» EXERCISE REQUIREMENTS:
Write out exactly, and only, the lines below from the line with "Tropical LUTs" through the line with "Как построить сарай"; pictures do not belong in the copy.

** GIVEN DATA follows **

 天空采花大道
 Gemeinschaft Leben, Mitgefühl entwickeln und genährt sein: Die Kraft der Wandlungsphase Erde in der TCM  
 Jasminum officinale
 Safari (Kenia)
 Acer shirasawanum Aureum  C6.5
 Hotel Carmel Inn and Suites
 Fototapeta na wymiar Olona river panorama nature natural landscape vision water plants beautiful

** End of GIVEN DATA **
** GIVEN DATA follows **

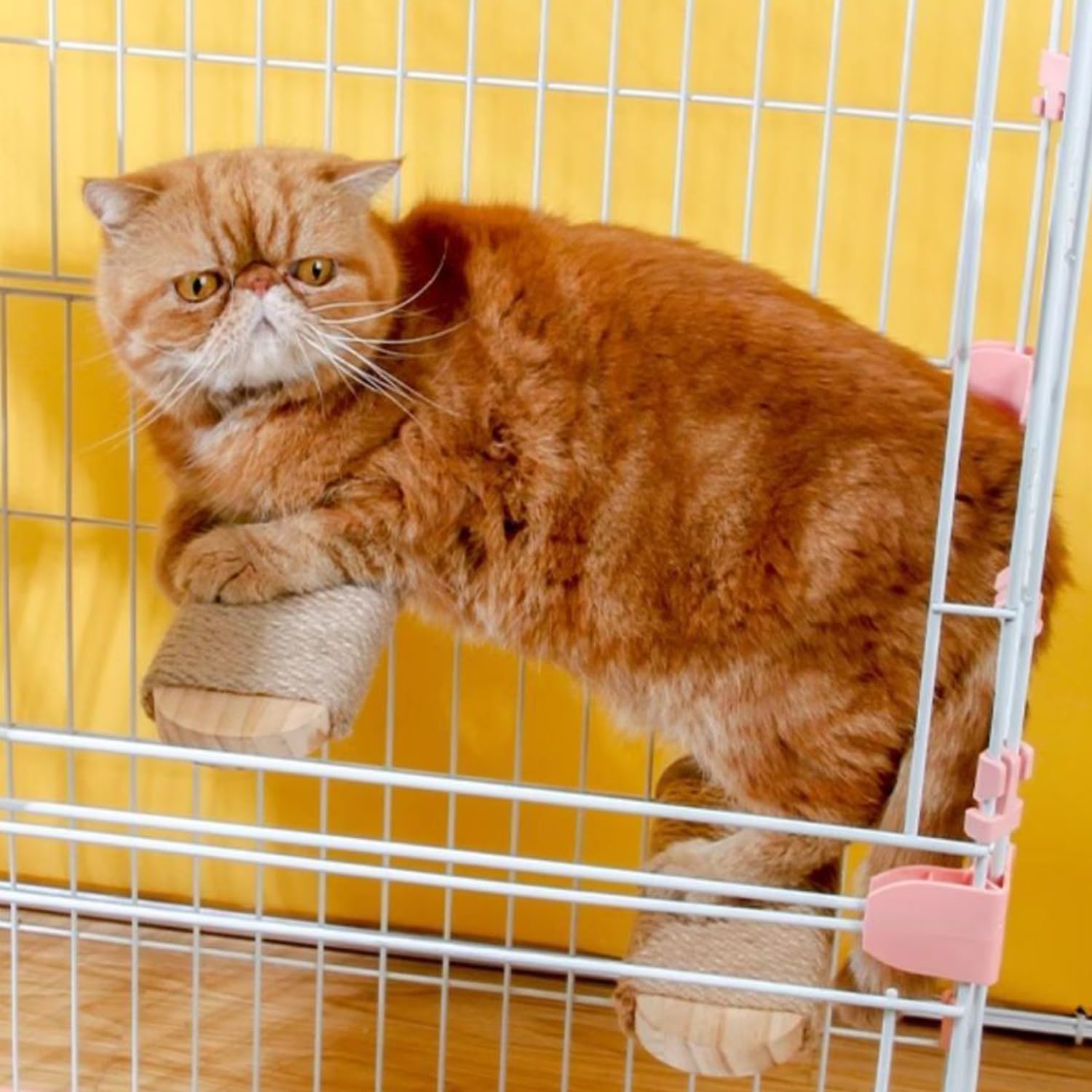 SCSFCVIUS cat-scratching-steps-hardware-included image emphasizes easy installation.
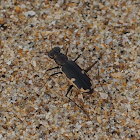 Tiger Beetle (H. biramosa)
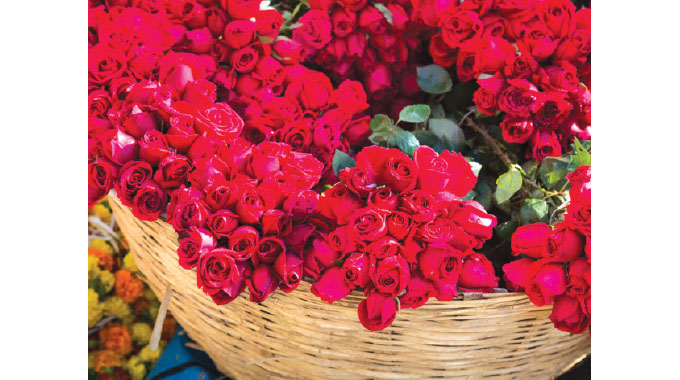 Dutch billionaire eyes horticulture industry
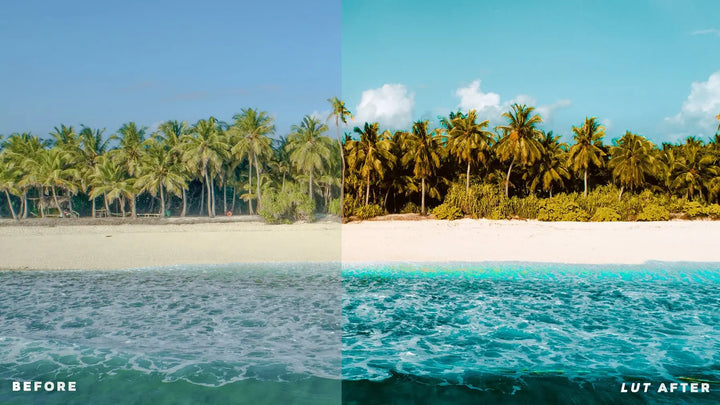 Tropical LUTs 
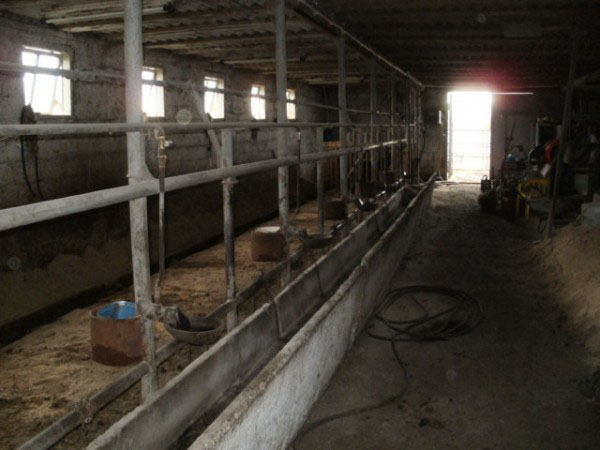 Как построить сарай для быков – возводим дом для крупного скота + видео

** End of GIVEN DATA **
** GIVEN DATA follows **

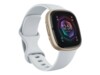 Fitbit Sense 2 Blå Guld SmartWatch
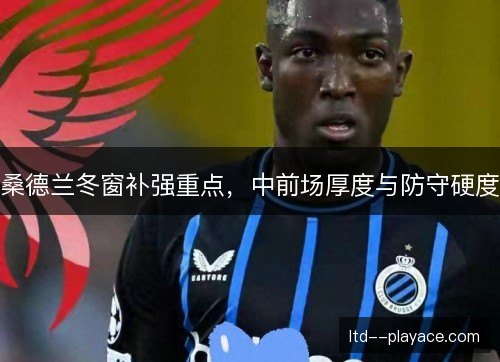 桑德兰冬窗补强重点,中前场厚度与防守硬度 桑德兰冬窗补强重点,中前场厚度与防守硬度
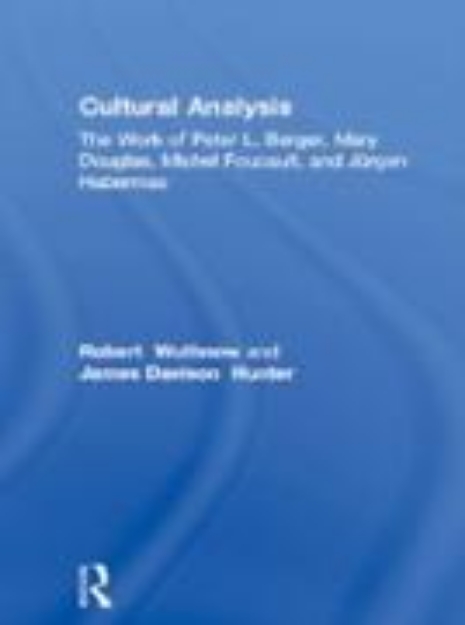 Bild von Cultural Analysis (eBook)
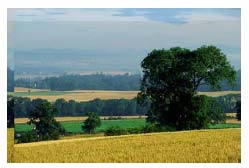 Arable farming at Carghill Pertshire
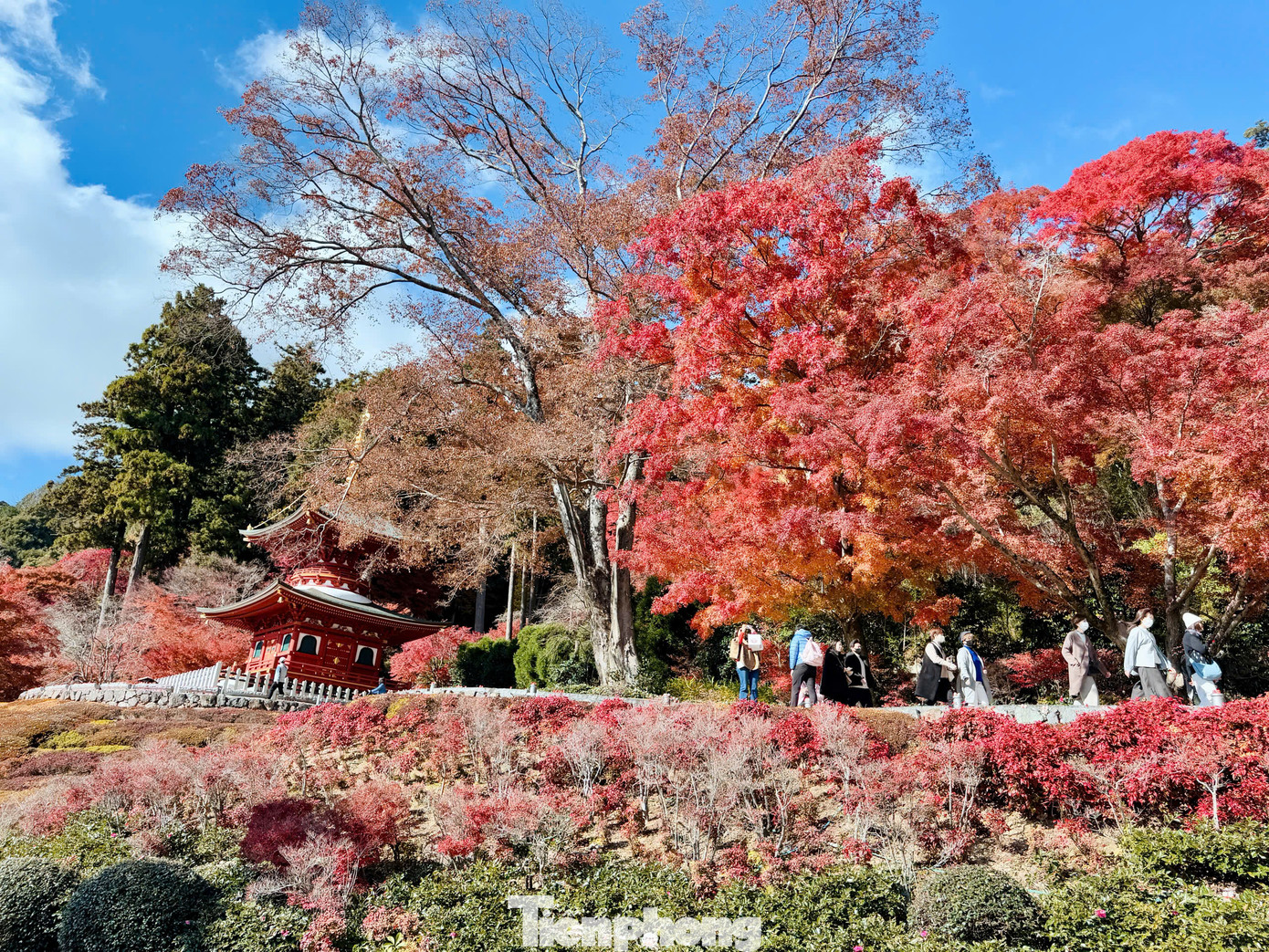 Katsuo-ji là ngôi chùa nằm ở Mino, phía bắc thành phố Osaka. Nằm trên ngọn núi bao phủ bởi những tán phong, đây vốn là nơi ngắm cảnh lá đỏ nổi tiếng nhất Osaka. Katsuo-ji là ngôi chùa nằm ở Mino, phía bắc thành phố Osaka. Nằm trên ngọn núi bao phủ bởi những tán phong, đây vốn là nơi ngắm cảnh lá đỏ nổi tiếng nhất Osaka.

** End of GIVEN DATA **

» SOLUTION FOR THIS PROBLEM:
 Tropical LUTs 
 Как построить сарай для быков – возводим дом для крупного скота + видео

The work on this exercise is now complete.